If you've done any reading on rock music, you've heard of Robert Christgau, aka The Dean. He was there when nobody was really writing about rock in the mid-60's. He's been the music editor for the Village Voice for decades and written for Playboy, Esquire and Newsday among others. He's taken pot-shots from Sonic Youth, Graham Parker, Lou Reed and Public Enemy with good grace, not to mention the many scribes who've printed cheap shots about him. After all of this he hasn't lost his love of music and his compulsion to write about it and assign letter grades to records and CD's. Years ago when I first caught his Consumer Guide reprinted in Creem, I thought it was a cute novelty. Twenty years later, I anxiously await his monthly column in the Voice to see what gems he's dug up and sop up his hip, none-too-gentle humor which doesn't piss all over the reader (unlike a lot of other music writers). Obviously someone agrees with me- it's been adapted by hundreds of music publications worldwide as a review system. In between all of his other work, he's preparing a history of popular music for publication hopefully soon.

I got a chance to talk with him about an old concern and a new one: the semi-popular music he first theorized about in the late sixties and the rash of what's called 'post-modern' music that floods the market today.


PSF: You talk a lot about 'post-modern' music in your writing. How would you actually define it?
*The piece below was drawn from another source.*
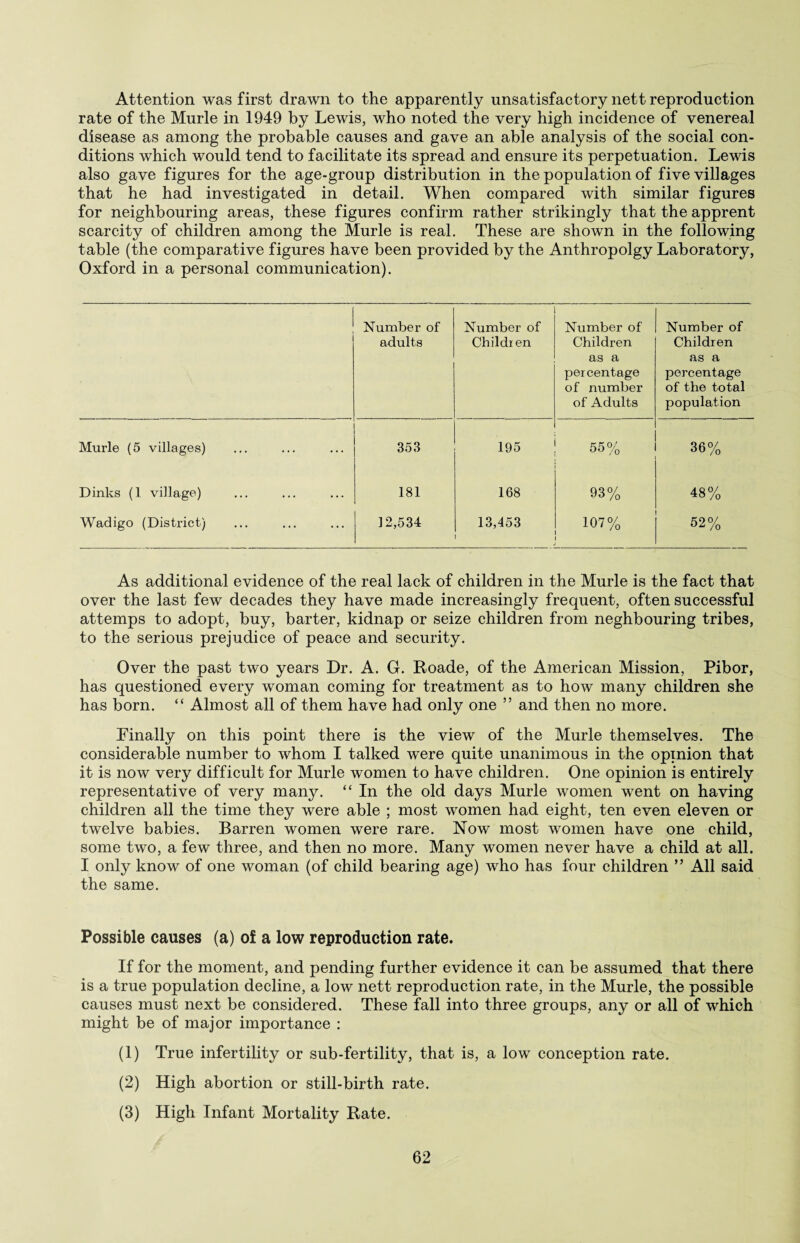 Attention was first drawn to the apparently unsatisfactory nett reproduction rate of the Murle in 1949 by Lewis, who noted the very high incidence of venereal disease as among the probable causes and gave an able analysis of the social con¬ ditions which would tend to facilitate its spread and ensure its perpetuation. Lewis also gave figures for the age-group distribution in the population of five villages that he had investigated in detail. When compared with similar figures for neighbouring areas, these figures confirm rather strikingly that the apprent scarcity of children among the Murle is real. These are shown in the following table (the comparative figures have been provided by the Anthropolgy Laboratory, Oxford in a personal communication). Number of adults Number of Children Number of Children as a percentage of number of Adults Number of Children as a percentage of the total population Murle (5 villages) 353 195 55% 36% Dinks (1 village) 181 168 93% 48% Wadigo (District) 12,534 13,453 ! 107% 52% As additional evidence of the real lack of children in the Murle is the fact that over the last few decades they have made increasingly frequent, often successful attemps to adopt, buy, barter, kidnap or seize children from neghbouring tribes, to the serious prejudice of peace and security. Over the past two years Dr. A. G. Roade, of the American Mission, Pibor, has questioned every woman coming for treatment as to how many children she has born. “ Almost all of them have had only one ” and then no more. Finally on this point there is the view of the Murle themselves. The considerable number to whom I talked were quite unanimous in the opinion that it is now very difficult for Murle women to have children. One opinion is entirely representative of very many. “ In the old days Murle women went on having children all the time they were able ; most women had eight, ten even eleven or twelve babies. Barren women were rare. Now most women have one child, some two, a few three, and then no more. Many women never have a child at all. I only know of one woman (of child bearing age) who has four children ” All said the same. Possible causes (a) of a low reproduction rate. If for the moment, and pending further evidence it can be assumed that there is a true population decline, a low nett reproduction rate, in the Murle, the possible causes must next be considered. These fall into three groups, any or all of which might be of major importance : (1) True infertility or sub-fertility, that is, a low conception rate. (2) High abortion or still-birth rate. (3) High Infant Mortality Rate.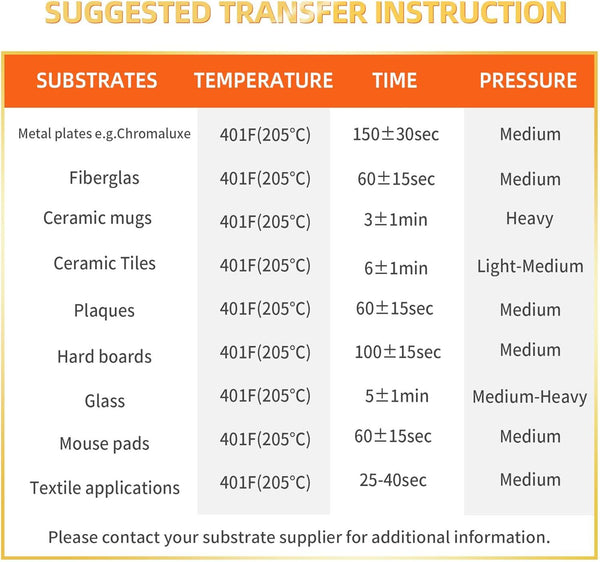 A-SUB 13"x110' Sublimation Paper 120gsm, Roll Size - A-SUB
XGAU: It has two different meanings. Post-modern that is the term that the extremely crass trade magazine HITS used to describe what I'd call post-punk or Amerindie. It was around 1990 and I don't know who coined it but I wouldn't put it past Roy Trakin who's a bright guy: HITS is a rather wonderful magazine that probably runs on payola, cost six dollars an issue. You find an enormous amount of good music and a lot of irreverent stuff there. So anyway, in a general way, it's just another word for what's called 'alternative.' I began feeling extremely suspicious of this term and it's become an academic phenomenon, I continue to be suspicious of it. It was around '83 or '84 in academic discourse that it arose and I first noticed it. One of the many vague and sometimes contradictory things it implies is an aesthetic of what Dick Hebdige called a 'bricolage.' Rock critics called it 'eclecticism' back in 1967 though it's become plainly more self-conscious, more complex. It uses far more varied materials. It's the old aesthetic of a smooth integration of these materials into a one whole, slowly giving way to one in which showing the seams of the music is considered pleasurable in itself with a correlative in so-called 'lo-fi.'

In that respect, it seems to me as if both the most vital and the most dismaying aspects of artistically self-concious pop music/rock of today are "post-modern". That is to say, rather than inventing new formal materials ( and I would say probably the last time new formal materials introduced into rock and roll were in the funk era). I would have to think about that generalization more. I could probably think of other stuff, but let’s say that’s true for now. Or re-investing old styles with new energy as do two of my favorite records of this year (the Amy Rigby record and the Fluffy record), which are not at all formally adventurous but which I think are 2 of the very best records of this year because they’re done with such conviction and such talent. What happens instead is that stuff is recombined...most encouragingly it’s been true for a long time in hip-hop and hip-hop-related music... this year, the great example being the DJ Shadow album.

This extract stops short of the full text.